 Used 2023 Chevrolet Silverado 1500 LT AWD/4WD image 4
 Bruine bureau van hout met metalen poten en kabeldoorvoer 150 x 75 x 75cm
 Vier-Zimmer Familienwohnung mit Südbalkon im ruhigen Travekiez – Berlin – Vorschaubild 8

+---+

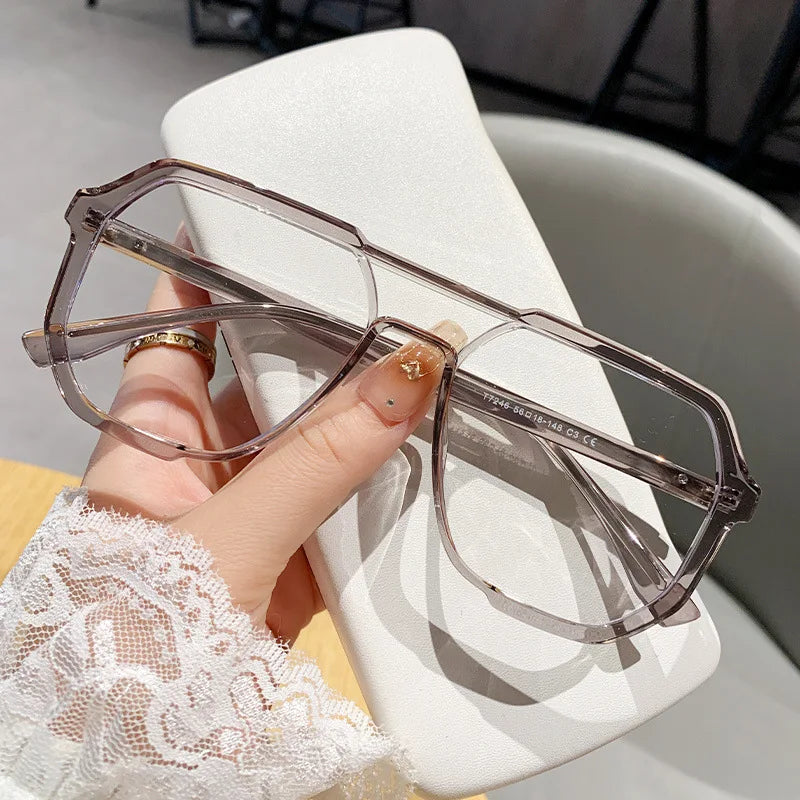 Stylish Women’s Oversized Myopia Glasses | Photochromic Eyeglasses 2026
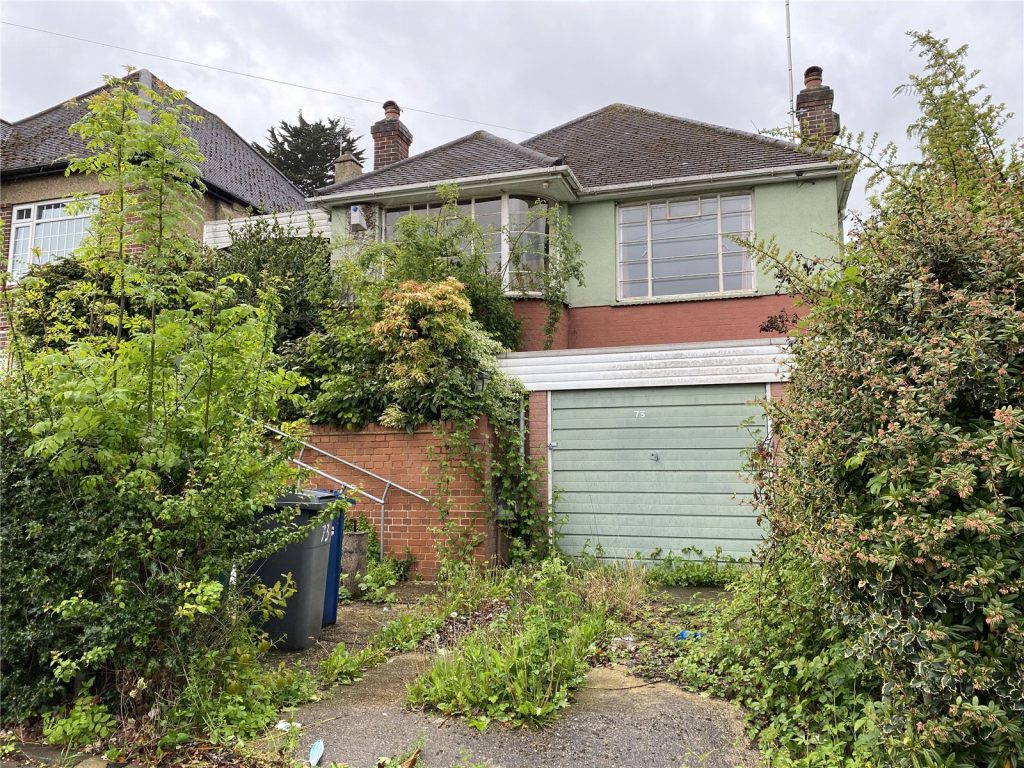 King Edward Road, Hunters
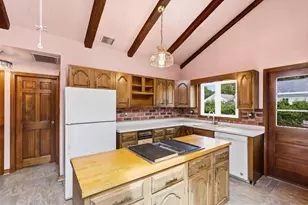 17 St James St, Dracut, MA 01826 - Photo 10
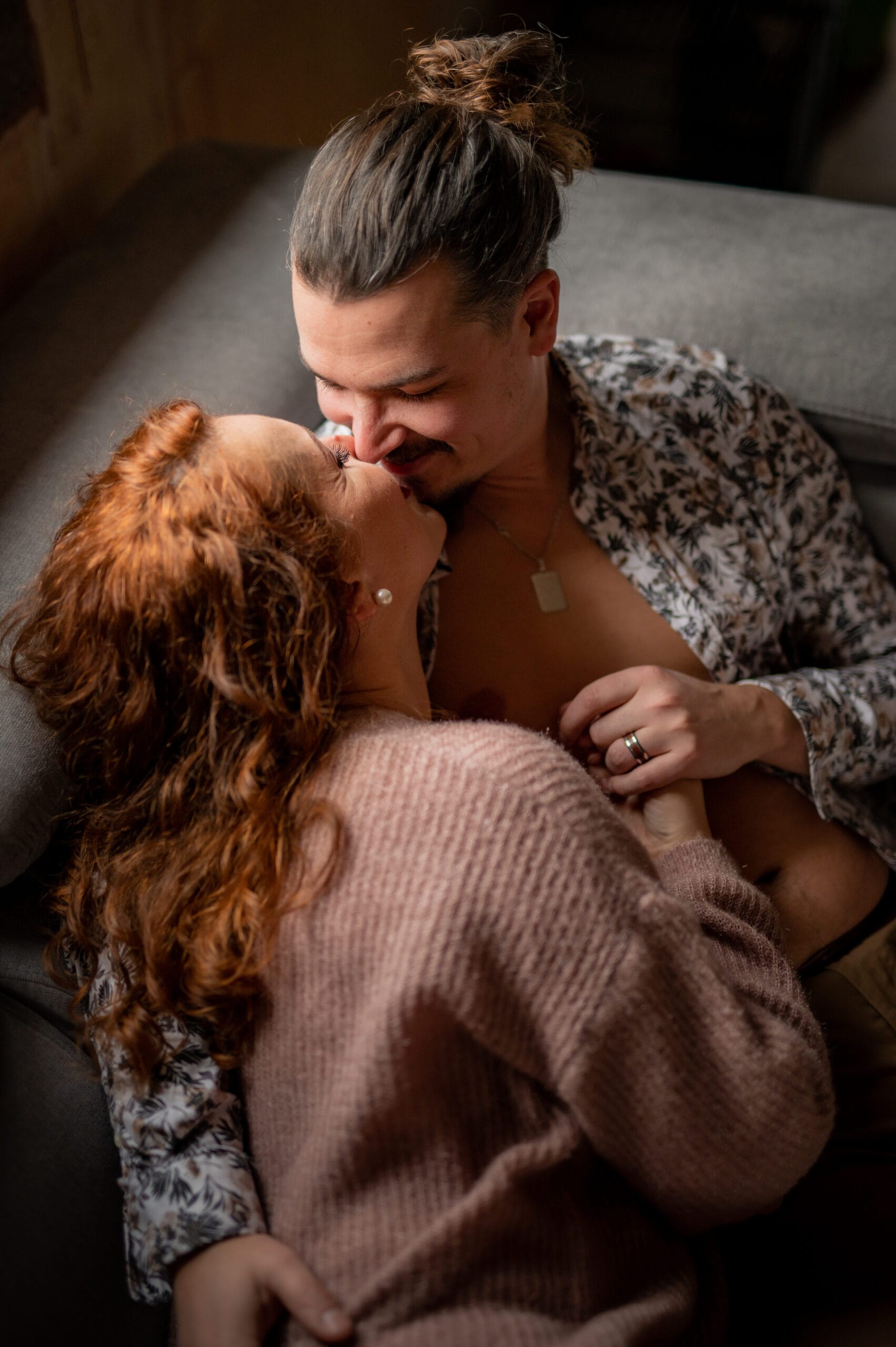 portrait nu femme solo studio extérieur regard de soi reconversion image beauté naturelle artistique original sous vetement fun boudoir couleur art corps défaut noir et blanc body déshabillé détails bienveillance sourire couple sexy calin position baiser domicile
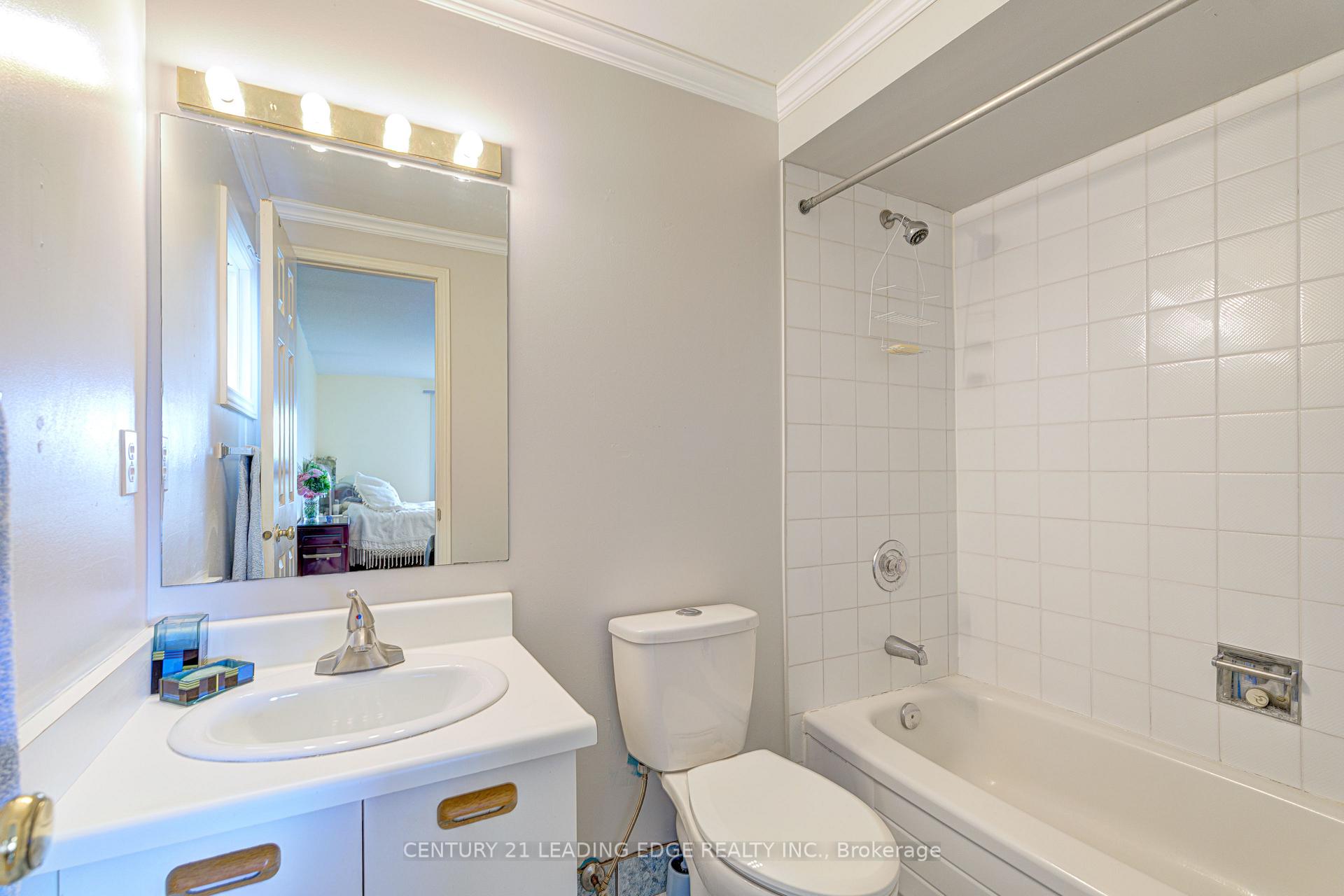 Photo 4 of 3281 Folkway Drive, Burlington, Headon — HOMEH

+---+

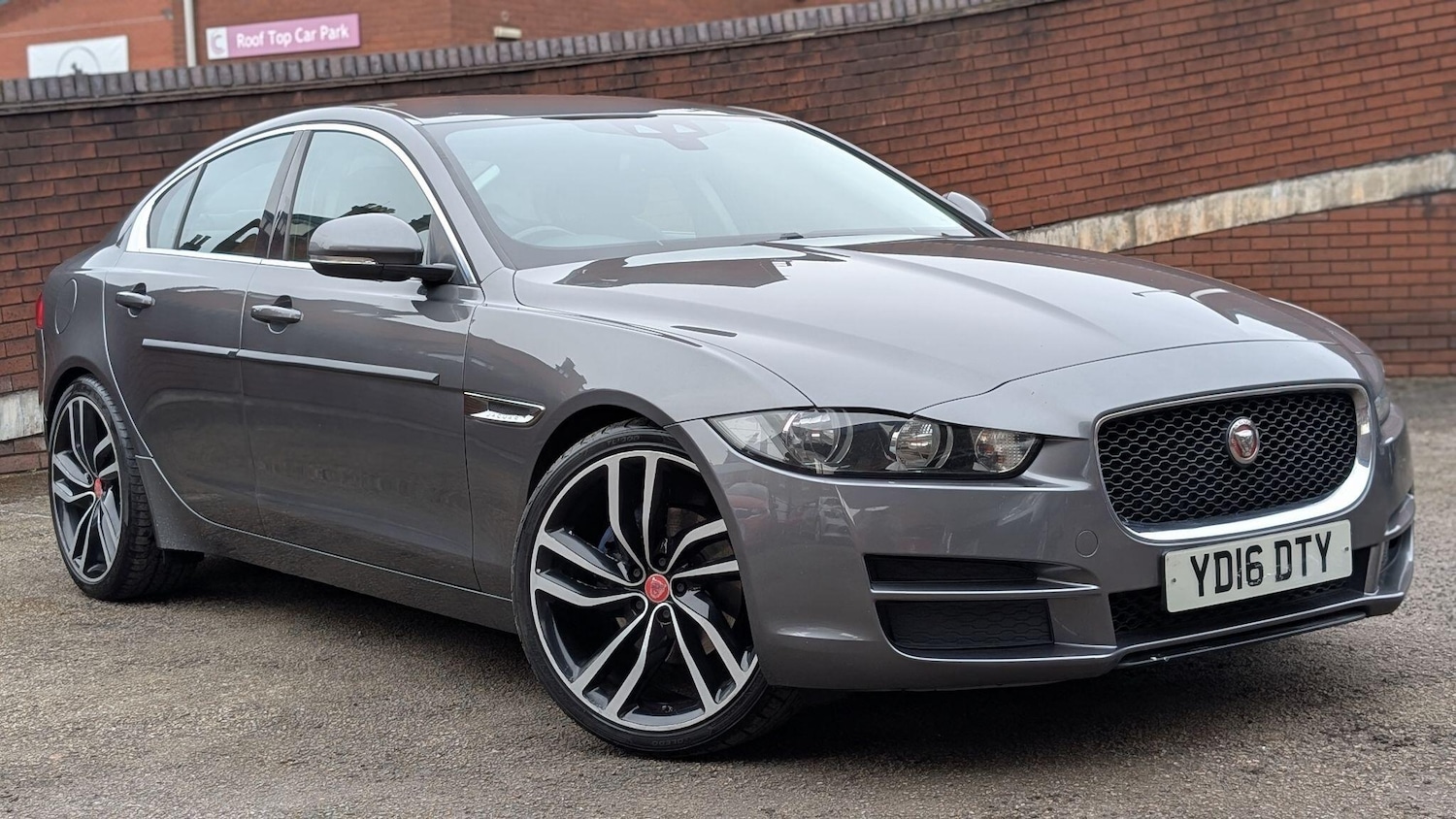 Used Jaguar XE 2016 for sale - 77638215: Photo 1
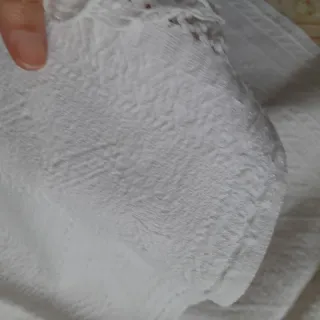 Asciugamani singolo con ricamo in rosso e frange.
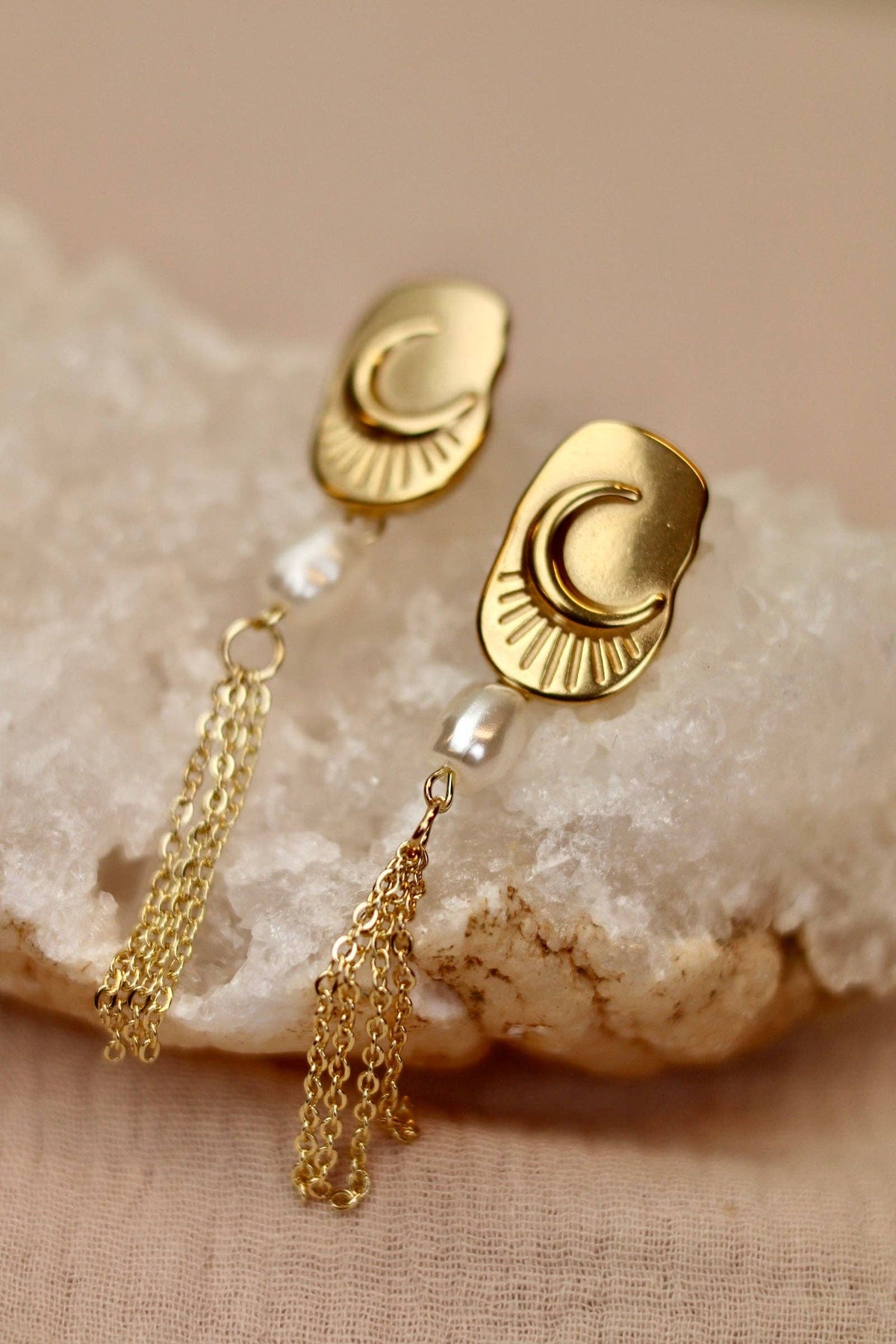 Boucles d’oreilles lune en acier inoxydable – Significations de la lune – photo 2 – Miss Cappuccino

+---+

What is needed is an exact copy of the lines above, from the one containing "Bruine bureau van" through the one containing "Vier-Zimmer Familienwohnung mit", with nothing added.

Task result:
 Bruine bureau van hout met metalen poten en kabeldoorvoer 150 x 75 x 75cm
 Vier-Zimmer Familienwohnung mit Südbalkon im ruhigen Travekiez – Berlin – Vorschaubild 8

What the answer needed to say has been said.